## WHAT YOU NEED TO DO
Would you mind restating all of the records word for word, skipping the pictures?

## DATASET EXTRACT
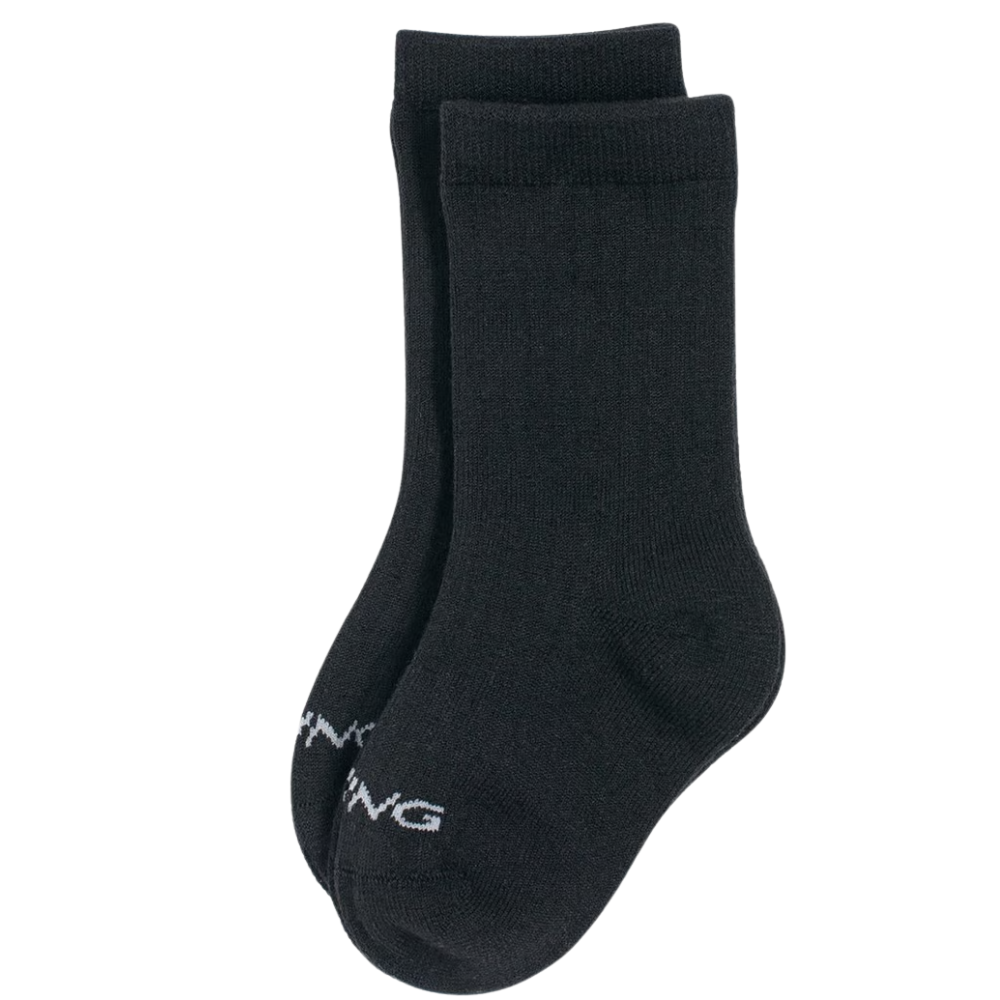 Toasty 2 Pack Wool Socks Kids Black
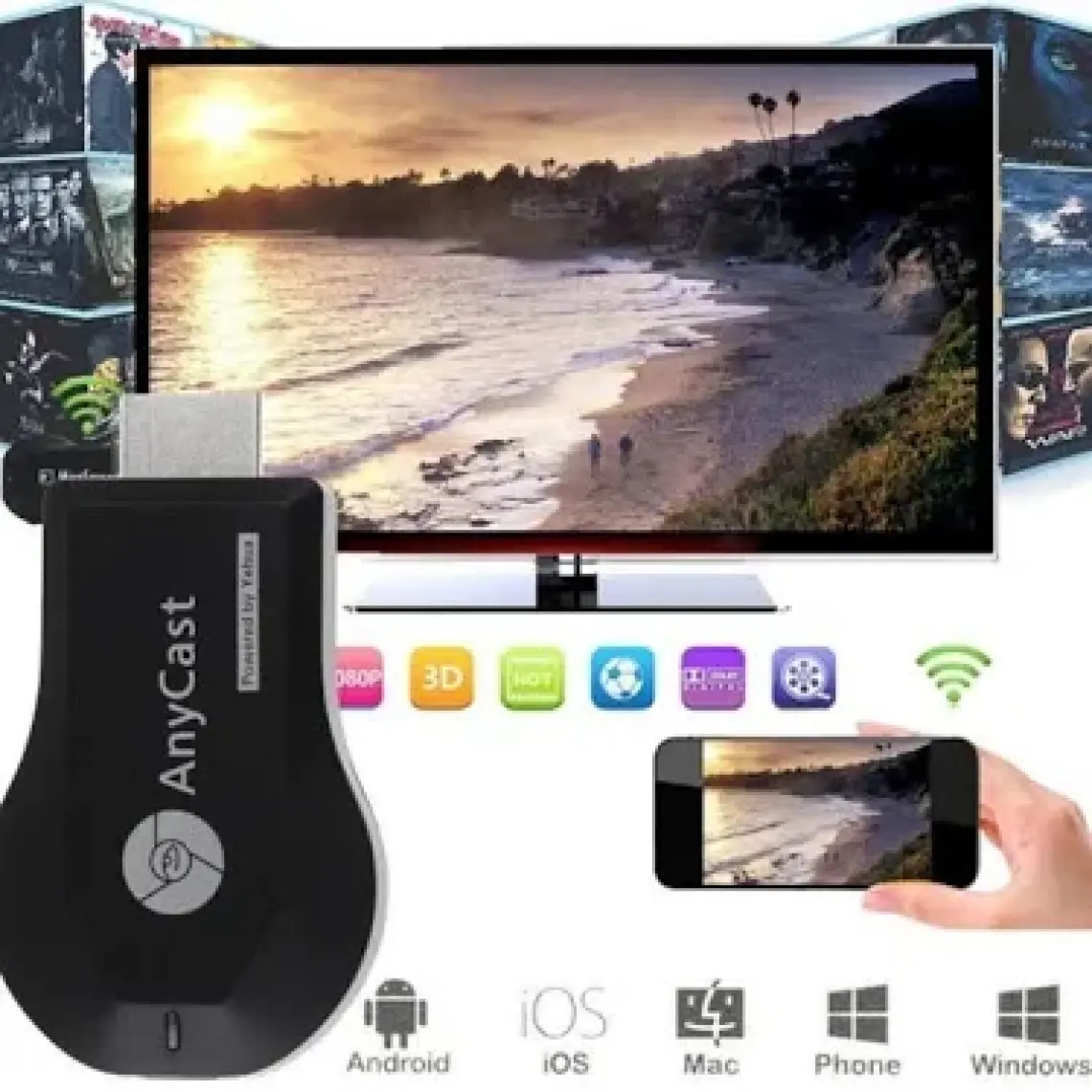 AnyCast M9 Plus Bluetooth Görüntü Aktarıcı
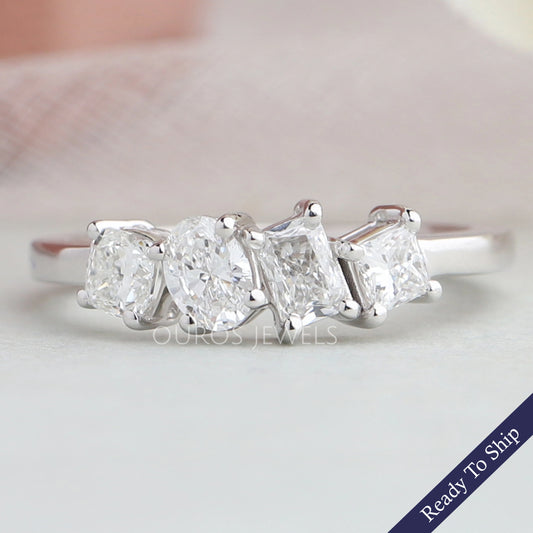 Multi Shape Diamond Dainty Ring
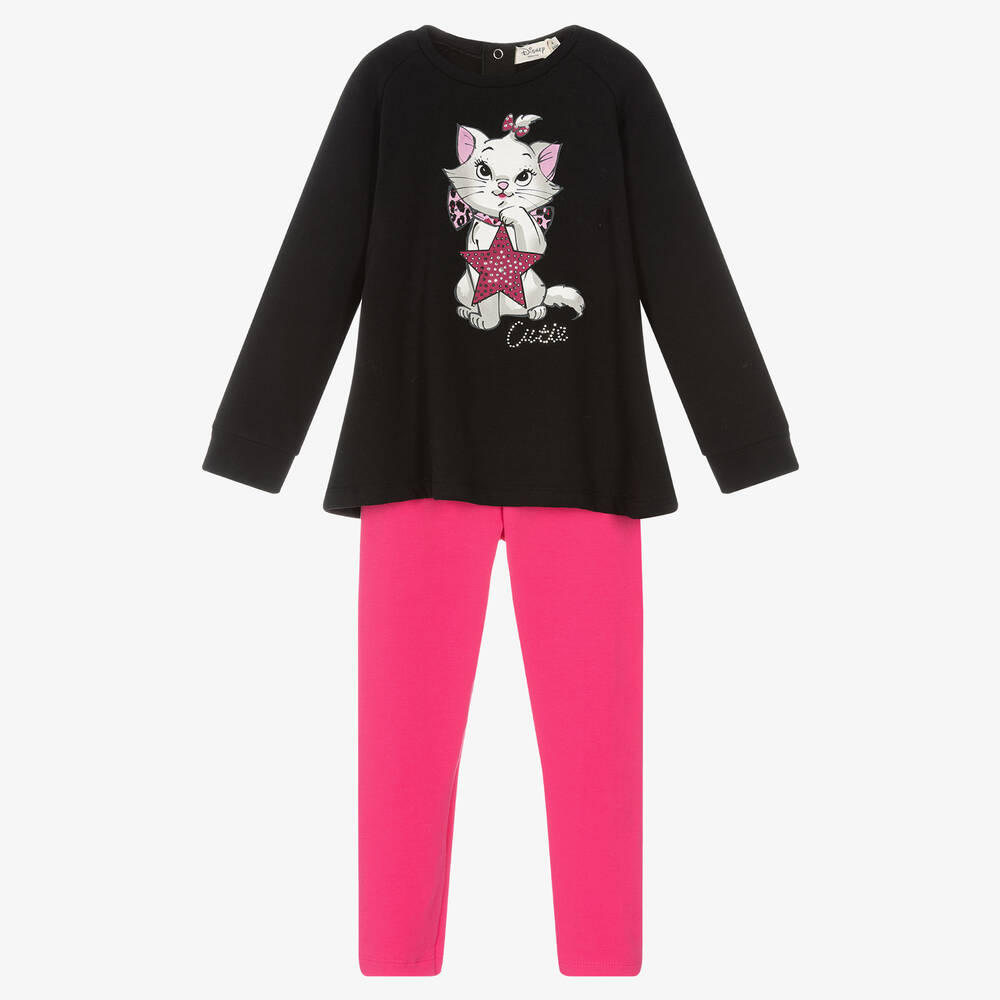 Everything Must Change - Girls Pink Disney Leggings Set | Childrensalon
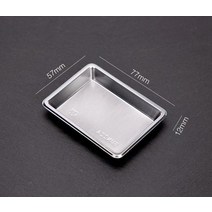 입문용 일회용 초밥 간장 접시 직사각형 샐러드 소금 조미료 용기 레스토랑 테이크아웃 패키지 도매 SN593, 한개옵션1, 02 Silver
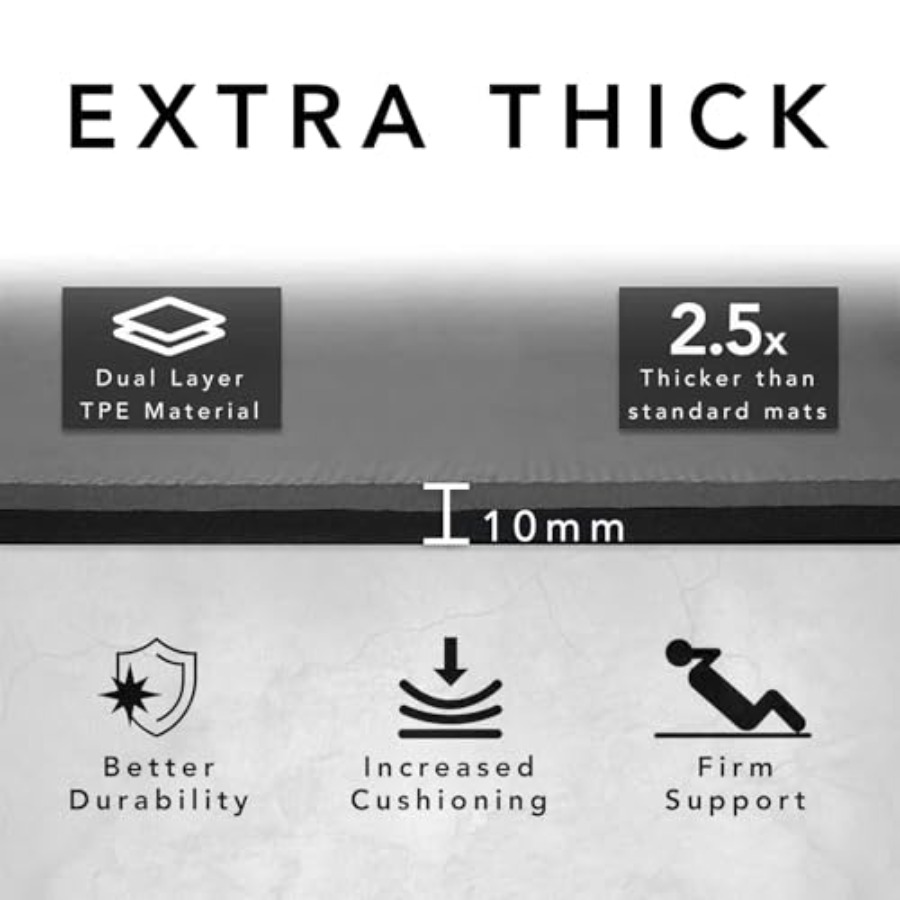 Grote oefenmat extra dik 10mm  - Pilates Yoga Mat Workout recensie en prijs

## EXERCISE RESULT
 Toasty 2 Pack Wool Socks Kids Black
 AnyCast M9 Plus Bluetooth Görüntü Aktarıcı
 Multi Shape Diamond Dainty Ring
 Everything Must Change - Girls Pink Disney Leggings Set | Childrensalon
 입문용 일회용 초밥 간장 접시 직사각형 샐러드 소금 조미료 용기 레스토랑 테이크아웃 패키지 도매 SN593, 한개옵션1, 02 Silver
 Grote oefenmat extra dik 10mm  - Pilates Yoga Mat Workout recensie en prijs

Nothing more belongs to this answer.